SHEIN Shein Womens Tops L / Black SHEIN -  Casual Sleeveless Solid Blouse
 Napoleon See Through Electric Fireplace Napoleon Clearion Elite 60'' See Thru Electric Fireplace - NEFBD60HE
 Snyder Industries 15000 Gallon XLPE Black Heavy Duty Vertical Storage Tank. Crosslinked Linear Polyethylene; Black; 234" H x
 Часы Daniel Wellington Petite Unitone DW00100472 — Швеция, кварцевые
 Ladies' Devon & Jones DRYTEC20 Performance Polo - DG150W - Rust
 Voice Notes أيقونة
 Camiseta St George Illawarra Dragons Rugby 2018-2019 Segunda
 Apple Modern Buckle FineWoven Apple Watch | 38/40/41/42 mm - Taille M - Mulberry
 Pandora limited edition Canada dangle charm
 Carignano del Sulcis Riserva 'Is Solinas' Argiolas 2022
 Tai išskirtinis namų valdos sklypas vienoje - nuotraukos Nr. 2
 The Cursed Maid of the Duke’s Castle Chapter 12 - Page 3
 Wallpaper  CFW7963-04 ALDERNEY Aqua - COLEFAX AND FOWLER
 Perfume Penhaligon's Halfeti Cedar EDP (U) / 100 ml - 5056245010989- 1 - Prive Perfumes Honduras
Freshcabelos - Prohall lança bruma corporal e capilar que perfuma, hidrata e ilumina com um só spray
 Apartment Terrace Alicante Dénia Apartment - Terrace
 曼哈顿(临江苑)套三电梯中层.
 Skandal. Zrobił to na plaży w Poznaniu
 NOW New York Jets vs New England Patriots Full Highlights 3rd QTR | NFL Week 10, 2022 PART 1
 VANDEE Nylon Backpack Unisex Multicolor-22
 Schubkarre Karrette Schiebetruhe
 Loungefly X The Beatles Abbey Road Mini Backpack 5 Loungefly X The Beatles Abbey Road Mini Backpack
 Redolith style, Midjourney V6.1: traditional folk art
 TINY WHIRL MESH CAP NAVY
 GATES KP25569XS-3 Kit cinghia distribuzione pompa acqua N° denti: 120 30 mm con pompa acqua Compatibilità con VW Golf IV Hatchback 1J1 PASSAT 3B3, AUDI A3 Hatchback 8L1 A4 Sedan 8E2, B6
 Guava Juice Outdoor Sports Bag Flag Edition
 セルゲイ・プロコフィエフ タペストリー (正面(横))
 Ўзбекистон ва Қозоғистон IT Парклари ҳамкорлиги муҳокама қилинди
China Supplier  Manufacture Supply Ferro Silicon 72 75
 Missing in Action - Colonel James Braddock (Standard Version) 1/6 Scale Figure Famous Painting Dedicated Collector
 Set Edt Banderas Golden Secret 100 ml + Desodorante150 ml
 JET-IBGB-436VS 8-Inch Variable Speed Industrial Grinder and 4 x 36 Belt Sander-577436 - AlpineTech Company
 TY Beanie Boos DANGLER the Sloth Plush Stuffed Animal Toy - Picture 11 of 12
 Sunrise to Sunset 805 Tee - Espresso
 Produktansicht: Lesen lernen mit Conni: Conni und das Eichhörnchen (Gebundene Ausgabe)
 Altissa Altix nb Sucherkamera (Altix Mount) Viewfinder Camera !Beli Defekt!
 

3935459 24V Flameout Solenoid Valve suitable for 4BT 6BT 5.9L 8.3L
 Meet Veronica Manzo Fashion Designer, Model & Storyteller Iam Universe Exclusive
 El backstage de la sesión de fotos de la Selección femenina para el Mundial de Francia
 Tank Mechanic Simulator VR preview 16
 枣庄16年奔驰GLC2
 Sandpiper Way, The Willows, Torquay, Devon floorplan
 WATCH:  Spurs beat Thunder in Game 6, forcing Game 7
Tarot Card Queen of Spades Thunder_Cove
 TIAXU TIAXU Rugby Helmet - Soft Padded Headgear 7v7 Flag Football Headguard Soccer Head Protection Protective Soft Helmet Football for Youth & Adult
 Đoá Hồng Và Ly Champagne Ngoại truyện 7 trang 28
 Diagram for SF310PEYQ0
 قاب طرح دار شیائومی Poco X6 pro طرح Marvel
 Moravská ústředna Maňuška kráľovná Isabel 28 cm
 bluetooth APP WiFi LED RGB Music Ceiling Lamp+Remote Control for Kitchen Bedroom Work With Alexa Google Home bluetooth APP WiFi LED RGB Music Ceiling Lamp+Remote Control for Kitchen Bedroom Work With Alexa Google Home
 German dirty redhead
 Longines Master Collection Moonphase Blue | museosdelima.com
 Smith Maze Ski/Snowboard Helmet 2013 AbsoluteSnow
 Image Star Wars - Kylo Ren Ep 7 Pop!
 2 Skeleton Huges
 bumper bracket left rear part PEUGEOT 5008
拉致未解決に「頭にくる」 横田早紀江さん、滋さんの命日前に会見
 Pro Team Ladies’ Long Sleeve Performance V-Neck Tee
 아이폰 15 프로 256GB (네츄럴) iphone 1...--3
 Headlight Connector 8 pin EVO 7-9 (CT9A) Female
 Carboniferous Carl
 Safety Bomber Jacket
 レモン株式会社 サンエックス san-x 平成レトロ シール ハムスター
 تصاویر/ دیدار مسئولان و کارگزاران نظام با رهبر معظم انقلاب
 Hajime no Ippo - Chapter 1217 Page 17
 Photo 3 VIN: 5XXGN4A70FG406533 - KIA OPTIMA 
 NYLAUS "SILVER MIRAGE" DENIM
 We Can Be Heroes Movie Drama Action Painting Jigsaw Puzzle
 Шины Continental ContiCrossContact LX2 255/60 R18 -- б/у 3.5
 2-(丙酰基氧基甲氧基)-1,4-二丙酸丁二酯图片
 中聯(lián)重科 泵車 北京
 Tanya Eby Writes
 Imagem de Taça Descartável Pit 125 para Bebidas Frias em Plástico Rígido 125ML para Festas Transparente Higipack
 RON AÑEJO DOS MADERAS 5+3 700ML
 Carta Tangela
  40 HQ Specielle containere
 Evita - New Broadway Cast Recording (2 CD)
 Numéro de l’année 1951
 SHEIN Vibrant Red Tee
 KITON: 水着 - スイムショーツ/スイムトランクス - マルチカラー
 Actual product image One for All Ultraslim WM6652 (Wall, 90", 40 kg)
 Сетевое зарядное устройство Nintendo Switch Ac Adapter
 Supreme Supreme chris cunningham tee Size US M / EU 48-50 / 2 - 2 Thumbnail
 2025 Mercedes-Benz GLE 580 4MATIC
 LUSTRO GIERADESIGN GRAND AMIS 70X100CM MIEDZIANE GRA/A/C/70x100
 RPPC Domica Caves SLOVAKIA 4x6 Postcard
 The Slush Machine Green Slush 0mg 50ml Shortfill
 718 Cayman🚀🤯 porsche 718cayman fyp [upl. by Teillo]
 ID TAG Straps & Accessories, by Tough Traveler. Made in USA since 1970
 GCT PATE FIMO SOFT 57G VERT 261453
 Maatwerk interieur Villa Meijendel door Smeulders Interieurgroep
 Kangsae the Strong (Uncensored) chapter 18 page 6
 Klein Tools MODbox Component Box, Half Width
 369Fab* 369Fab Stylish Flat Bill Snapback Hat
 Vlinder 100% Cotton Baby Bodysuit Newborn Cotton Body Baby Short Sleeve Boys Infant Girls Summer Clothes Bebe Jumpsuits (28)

──────────

▶ _Exercise_
Beginning with the line containing "Ўзбекистон ва Қозоғистон" and ending with the line containing "Produktansicht: Lesen lernen", extract those lines exactly from the listing above, and only those.

▶ _Solution below_
 Ўзбекистон ва Қозоғистон IT Парклари ҳамкорлиги муҳокама қилинди
China Supplier  Manufacture Supply Ferro Silicon 72 75
 Missing in Action - Colonel James Braddock (Standard Version) 1/6 Scale Figure Famous Painting Dedicated Collector
 Set Edt Banderas Golden Secret 100 ml + Desodorante150 ml
 JET-IBGB-436VS 8-Inch Variable Speed Industrial Grinder and 4 x 36 Belt Sander-577436 - AlpineTech Company
 TY Beanie Boos DANGLER the Sloth Plush Stuffed Animal Toy - Picture 11 of 12
 Sunrise to Sunset 805 Tee - Espresso
 Produktansicht: Lesen lernen mit Conni: Conni und das Eichhörnchen (Gebundene Ausgabe)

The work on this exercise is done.